We are excited to release new features in Storage for Windows Server 2022. Our focus is to provide customers with greater resiliency, performance, and flexibility. While some of these topics have been covered elsewhere, we wanted to provide a single place where our Server 2022 customers can read about these innovations and features.
During Windows Server 2019, we realized that many deployments are on single, standalone server platforms (i.e., non-clustered). We wanted to deliver innovations that specifically target this popular segment of our customer base.
We developed a new storage cache for standalone servers that can significantly improve overall system performance, while maintaining storage efficiency and keeping the operational costs low. Similar to caching in Storage Spaces Direct, this feature binds together faster media (for example, SSD) with slower media (for example, high-capacity HDD) to create tiers.

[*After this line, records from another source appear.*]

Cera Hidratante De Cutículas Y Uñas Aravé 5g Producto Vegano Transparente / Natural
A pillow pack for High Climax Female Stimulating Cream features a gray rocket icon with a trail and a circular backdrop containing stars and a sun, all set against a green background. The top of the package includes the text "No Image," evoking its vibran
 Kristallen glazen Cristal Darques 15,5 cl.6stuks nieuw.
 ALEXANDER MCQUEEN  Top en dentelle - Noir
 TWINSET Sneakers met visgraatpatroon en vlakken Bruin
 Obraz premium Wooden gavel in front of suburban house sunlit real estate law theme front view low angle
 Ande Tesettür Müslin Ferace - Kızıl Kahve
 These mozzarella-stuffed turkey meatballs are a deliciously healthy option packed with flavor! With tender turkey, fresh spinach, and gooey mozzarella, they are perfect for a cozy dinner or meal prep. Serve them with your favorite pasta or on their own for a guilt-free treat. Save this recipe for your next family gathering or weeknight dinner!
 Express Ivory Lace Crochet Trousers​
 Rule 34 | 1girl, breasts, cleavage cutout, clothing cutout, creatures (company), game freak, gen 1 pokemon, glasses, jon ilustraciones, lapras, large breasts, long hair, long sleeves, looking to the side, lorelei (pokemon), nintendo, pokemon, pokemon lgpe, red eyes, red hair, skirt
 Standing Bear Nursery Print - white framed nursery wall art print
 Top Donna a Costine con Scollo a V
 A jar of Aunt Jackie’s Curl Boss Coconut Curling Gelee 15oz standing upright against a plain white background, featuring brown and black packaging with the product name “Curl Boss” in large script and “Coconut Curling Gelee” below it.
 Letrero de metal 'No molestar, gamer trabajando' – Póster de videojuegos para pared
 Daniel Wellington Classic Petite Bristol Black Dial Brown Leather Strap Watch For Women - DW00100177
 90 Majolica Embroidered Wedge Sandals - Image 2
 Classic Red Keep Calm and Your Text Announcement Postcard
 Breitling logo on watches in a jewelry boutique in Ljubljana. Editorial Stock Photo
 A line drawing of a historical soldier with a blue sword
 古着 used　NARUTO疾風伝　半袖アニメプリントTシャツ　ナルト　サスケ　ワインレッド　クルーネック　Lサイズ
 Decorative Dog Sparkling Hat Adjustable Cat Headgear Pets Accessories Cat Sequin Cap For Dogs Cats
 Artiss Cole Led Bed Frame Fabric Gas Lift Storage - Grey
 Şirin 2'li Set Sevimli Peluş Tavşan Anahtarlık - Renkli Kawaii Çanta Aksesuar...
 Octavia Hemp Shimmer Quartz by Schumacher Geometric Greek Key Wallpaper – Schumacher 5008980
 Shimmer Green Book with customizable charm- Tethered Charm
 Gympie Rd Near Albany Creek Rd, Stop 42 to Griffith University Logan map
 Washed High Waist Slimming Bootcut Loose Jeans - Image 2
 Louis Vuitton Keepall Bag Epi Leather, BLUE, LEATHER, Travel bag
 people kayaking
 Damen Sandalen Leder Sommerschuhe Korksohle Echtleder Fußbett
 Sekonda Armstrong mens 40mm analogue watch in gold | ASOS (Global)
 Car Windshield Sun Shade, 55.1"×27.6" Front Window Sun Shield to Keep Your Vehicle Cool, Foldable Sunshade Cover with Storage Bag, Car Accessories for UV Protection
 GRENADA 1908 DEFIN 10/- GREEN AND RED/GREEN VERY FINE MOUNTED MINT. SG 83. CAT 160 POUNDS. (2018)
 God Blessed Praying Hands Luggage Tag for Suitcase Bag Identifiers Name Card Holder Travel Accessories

Windows Server 2022 contains new, advanced caching logic that can automatically place critical data on the fastest storage volumes, while placing less-critical data on the slower, high-capacity storage devices. While highly-configurable, Windows offers a highly optimized set of defaults that allow an IT admin to “set and forget” while still achieving significant performance gains.
Learn more: Storage bus cache on Storage Spaces
We heard your feedback. Storage resync and rebuilds after events like node reboots and disk failures are now TWICE as fast. Also, repairs have less variance in time taken so you can be more sure of how long the repairs will take. No longer will you get those long hanging repair jobs. We've done this through adding more granularity to our data tracking. This allows use to move only the data that needs to be moved. Less moved data, means less work, less system resources used, and less time taken - also less stress for you!
We know that resiliency and availability are incredibly important for our users. Waiting for storage to resync after a node reboot or a replaced disk shouldn't be a nail-biting experience. We also know that storage rebuilds can consume system resources that users would rather keep reserved for business applications. For these reasons we have focused on improving storage resync and rebuilds.
In Windows Server 2022 we cut repair speeds in half! And you can go even faster with adjustable storage repair speeds.
This means you have more control over the data resync process by allocating resources to either repair data copies (resiliency) or run active workloads (performance). Now you can prioritize rebuilds during servicing hours or run the resync in the background to keep your business apps in priority. Faster repairs means increasing the availability of your cluster nodes and allows you to service clusters more flexibly and efficiently.
Microsoft’s resilient file system (ReFS) now includes the ability to snapshot files using a quick metadata operation. Snapshots are different than ReFS block cloning in that clones are writable, snapshots are read-only. This functionality is especially handy in virtual machine backup scenarios with VHD files. ReFS snapshots are unique in that they take a constant time irrespective of file size.
Functionality for snapshots is currently built into ReFSutil or available as an API.